Temps de lecture : 5 minutes

La plupart des jeux de rôle offrent aux joueurs un choix très vaste de personnages pouvant être incarnés, souvent de cultures et de traditions différentes. Or, un élément qui est souvent mis en arrière-plan est la langue. En effet, même si certains jeux ont trouvé un contournement habille mais pas très réaliste avec la langue commune, il serait beaucoup plus logique que des personnages d’horizons trop lointains ne puissent pas communiquer entre eux sans faire un minimum d’effort, car si une chose est sure, ils ne vont pas tous parler les mêmes langues, mais surtout, ils ne vont pas forcément les maîtriser avec la même aisance.

Dans cet article, nous n’évoquerons pas de solutions techniques pour gérer les langues, mais je vais vous présenter quelques éléments pour rendre les langues de vos univers de jeu un peu plus crédibles.

Pourquoi gérer les langues ?

Dans la plupart des jeux, il est inutile de gérer les langues parlées par les personnages des joueurs. Un exemple, dans le monde de Warhammer, la plupart des personnages proviennent de l’Empire et les aventures s’y déroulent. Les personnages parlent couramment la langue impériale utilisée par la plupart des personnages qu’ils rencontrent… mais… dans un monde plus vaste ?
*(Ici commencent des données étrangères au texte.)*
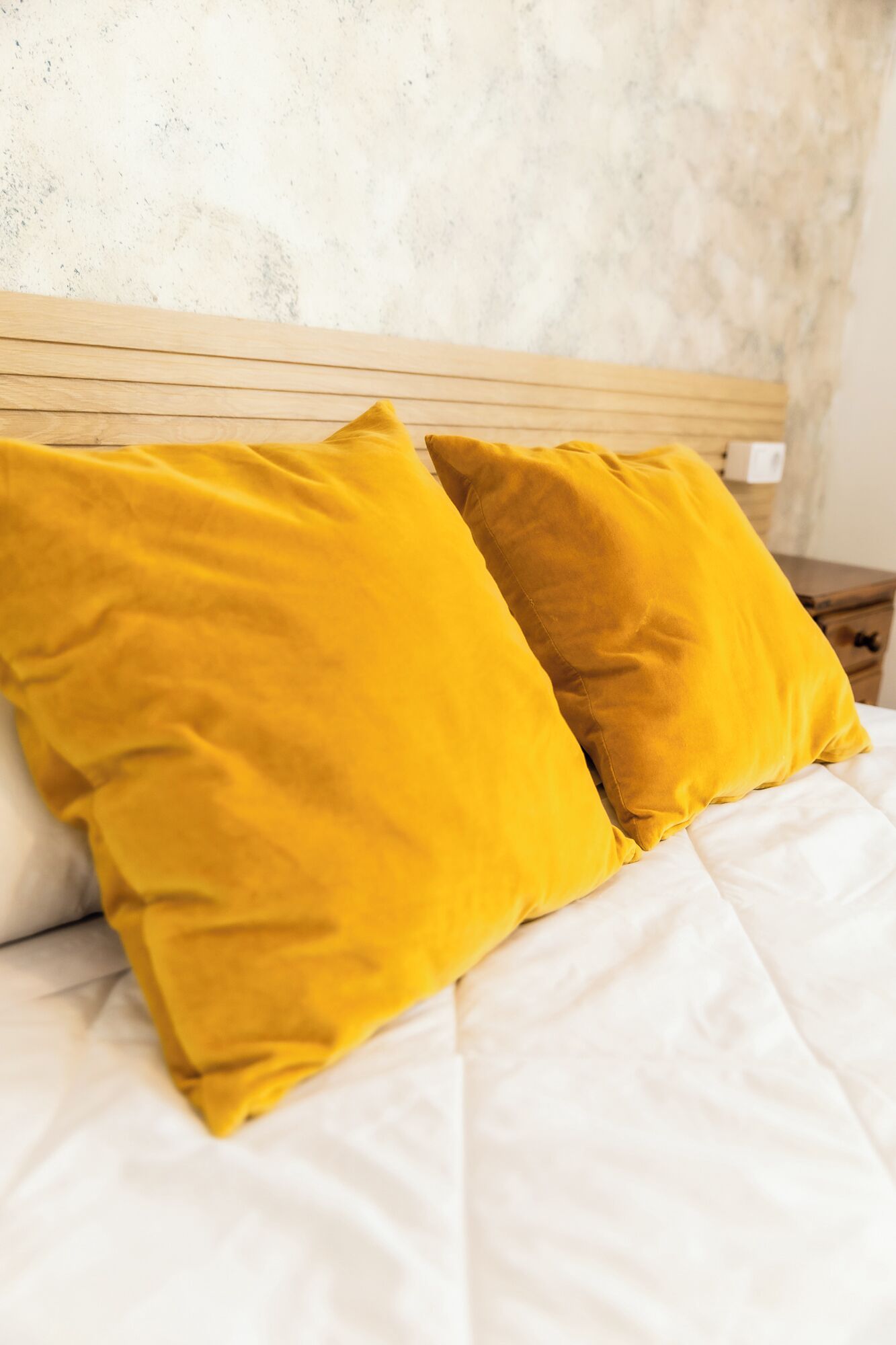 Una cama con ropa de cama blanca y dos almohadas color mostaza.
La gestion des langues lors d’une partie de jeux de rôle pourrait devenir intéressante dans les cas suivants :

  • Une aventure ayant pour thème l’espionnage dans un pays éloigné ou s’ils doivent négocier avec des personnages parlant une autre langue ;
  • La présence qu’un PJ exotique à la table.

Imaginez que vous jouez à James Bond 007, dans notre aventure, votre personnage, un agent 00, est infiltré dans une base russe dans laquelle il doit obtenir des informations vitales pour l’avenir de l’Angleterre. Il prend en filature un groupe d’agents… mais ceux-ci communiquent en russe. Comprend-il ce qu’ils sont en train de dire ? Sur ce qu’il comprend, quel niveau de compréhension en a-t-il ?

Dans les jeux modernes, il est évident que l’utilisation des langues est indispensable pour conserver un minimum de réalisme. Mais cette question se pose aussi dans un jeu médiéval fantastique !

Peut-être qu’il serait intéressant de forcer un joueur qui a souhaité créer un personnage totalement exotique à apprendre à communiquer avec les autres joueurs de la table. Si à RuneQuest un joueur décide d’incarner un kralori, par quel miracle ce dernier pourrait-il parler couramment la langue des orlanthi ?

Comment évoluent les langues ?

Les langues évoluent par les migrations des populations, les conquêtes et la nécessité de disposer d’une langue commune pour les échanges commerciaux. Certaines langues vont donc évoluer, se répandre, s’adapter ou disparaître. Toutes les langues proviennent d’une langue plus ancienne qui a été transformée au fil du temps, leurs déclinaisons et évolutions peuvent être répertoriées dans des arbres où il sera possible de distinguer des groupes linguistiques et des familles de langues disposant de caractéristiques communes.

Les protolangues

Une protolangue est une reconstitution d’une langue à l’origine d’un groupe de langue. Elle regroupe les bases communes à plusieurs langues, comme par exemple, l’indo-européen commun reconstruite par comparaison des structures et de la phonétique des langues d’une même famille.

Familles linguistiques

Une famille linguistique est un groupe de langues partant d’une même protolangue. Par exemple, le français, l’espagnol et l’italien appartiennent à la même famille linguistique des langues italiques comme le latin. Une protolangue peut donner naissance à plusieurs familles linguistiques différentes. Ainsi l’indo-européen est à la fois à la base des langues italiques (français, latin, espagnol…) que des langues germaniques (allemand, anglais…) qui sont deux familles différentes (et il existe encore bien d’autres familles : les langues celtiques…).

Les langues communes ?

Désigner une langue par le terme langue commune pourrait passer pour un contournement du problème des langues dans un jeu de rôles. Dans un monde où les guildes marchandes ont commencé leur expansion, il est normal qu’elles fassent en sorte qu’une langue commune soit employée pour tous les échanges. C’est un peu le cas à notre époque de l’anglais.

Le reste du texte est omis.